*** Opening of Entries supplied ***

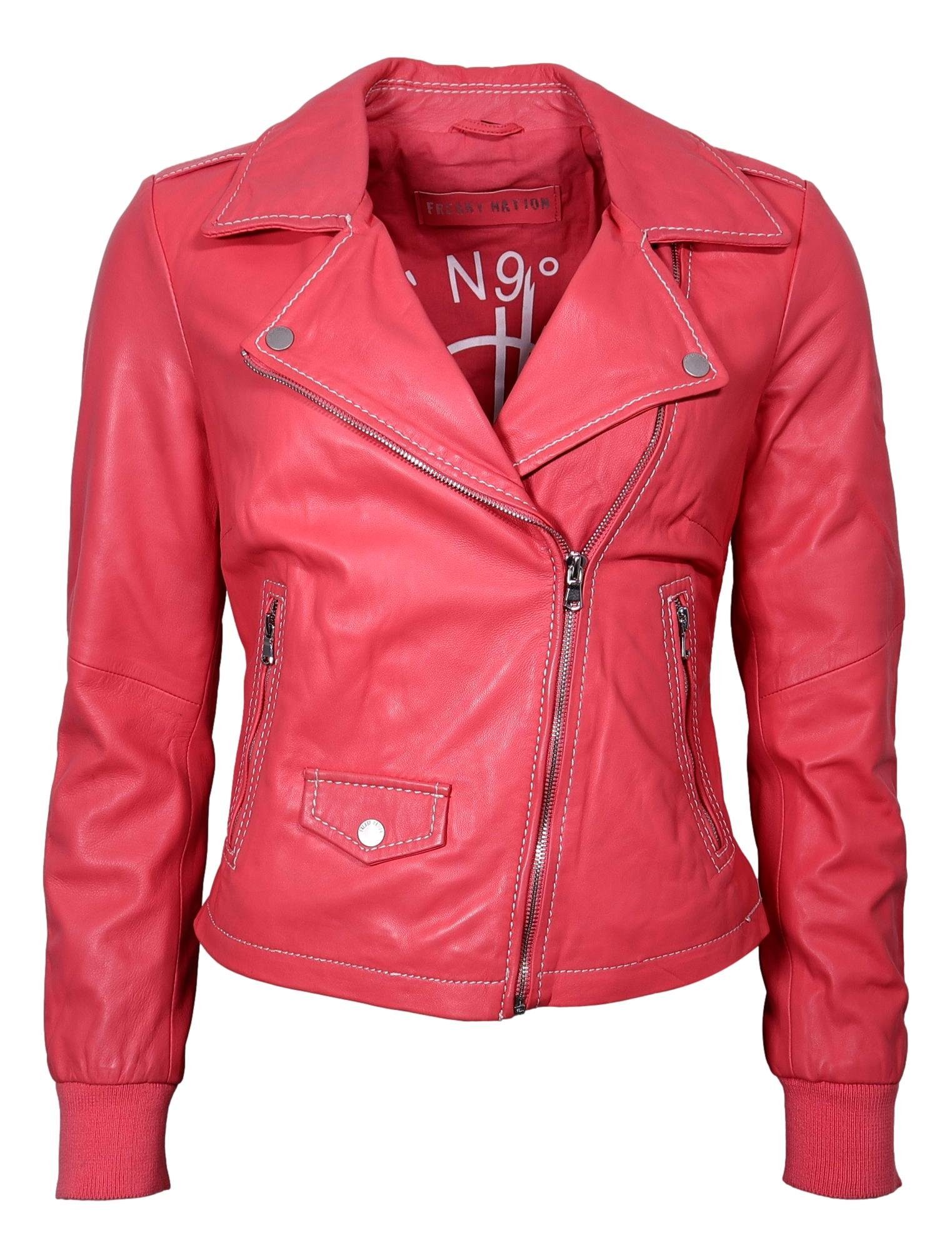 Freaky Nation Lederjacke • CoraLi-FN • Bikerjacke mit elastischen  Jersey-Einsätzen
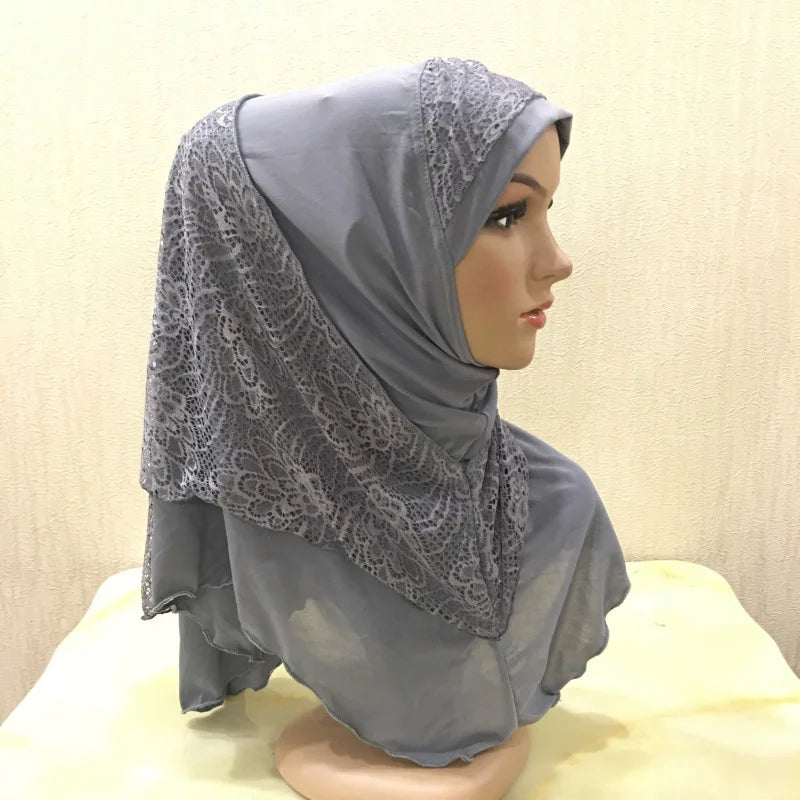 New Arrivals 70*60CM Women Crystal Hemp Turban Hats Lace Splicing Muslim Head Wrap Fashion Scarves Hijab For Lady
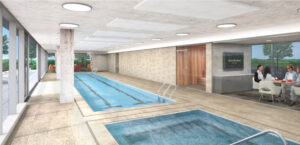 Optima Verdana’s sky deck features various game rooms among the pool, sauna and spa.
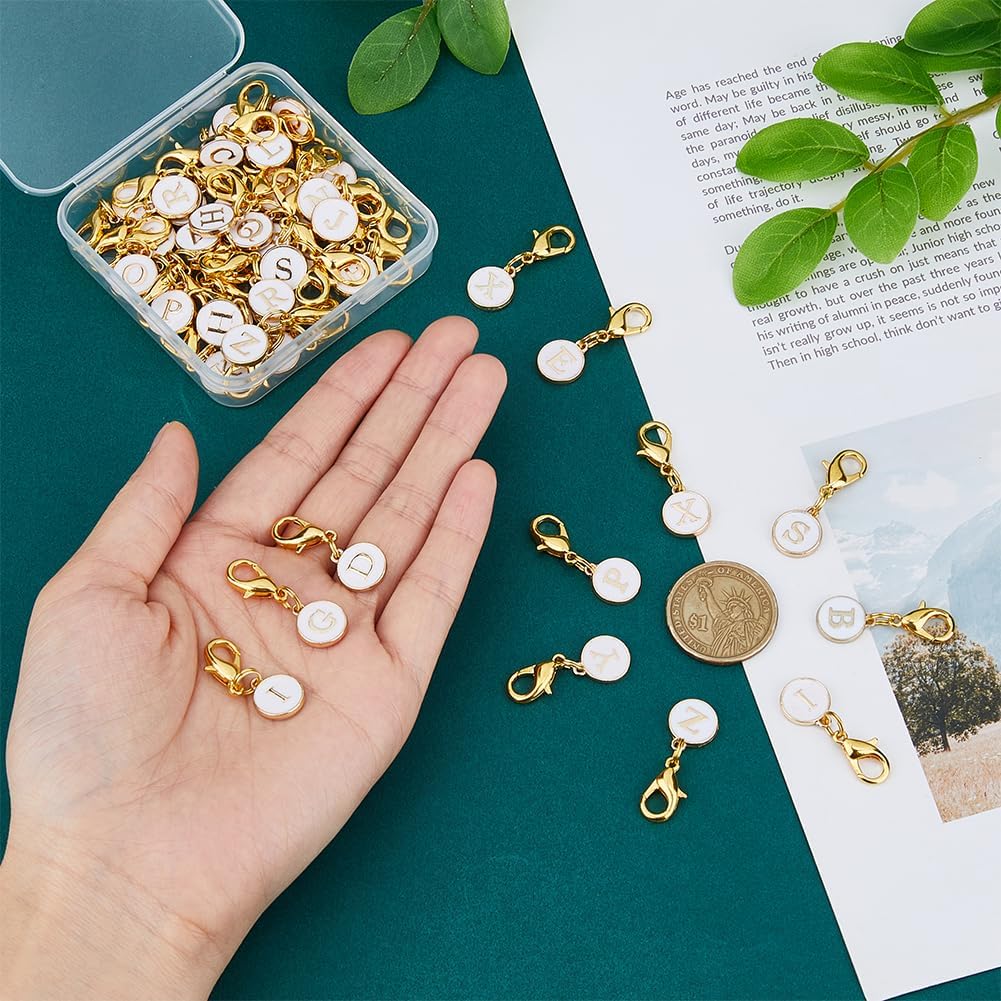 SUPERFINDINGS 52Pcs 26 Styles Clip on Charms 26 Letter Zipper Pulls Initials Letter Alloy A to Z Alphabet Charm with Lobster Clasp Black/White Decorations for Keychain Purse Backpack Ornament - Image 3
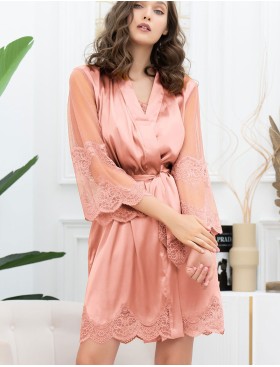 Короткий шелковый халат Mia-Amore AURELIA 3893 чайная роза, Цвет: чайная роза, Размеры: L/XL, изображение 6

*** Close of Entries supplied ***

Assigned task -> From the line containing "Optima Verdana’s sky" through the last line of the material above, write out each line exactly, leaving aside all pictures.

Solution ->
 Optima Verdana’s sky deck features various game rooms among the pool, sauna and spa.
 SUPERFINDINGS 52Pcs 26 Styles Clip on Charms 26 Letter Zipper Pulls Initials Letter Alloy A to Z Alphabet Charm with Lobster Clasp Black/White Decorations for Keychain Purse Backpack Ornament - Image 3
 Короткий шелковый халат Mia-Amore AURELIA 3893 чайная роза, Цвет: чайная роза, Размеры: L/XL, изображение 6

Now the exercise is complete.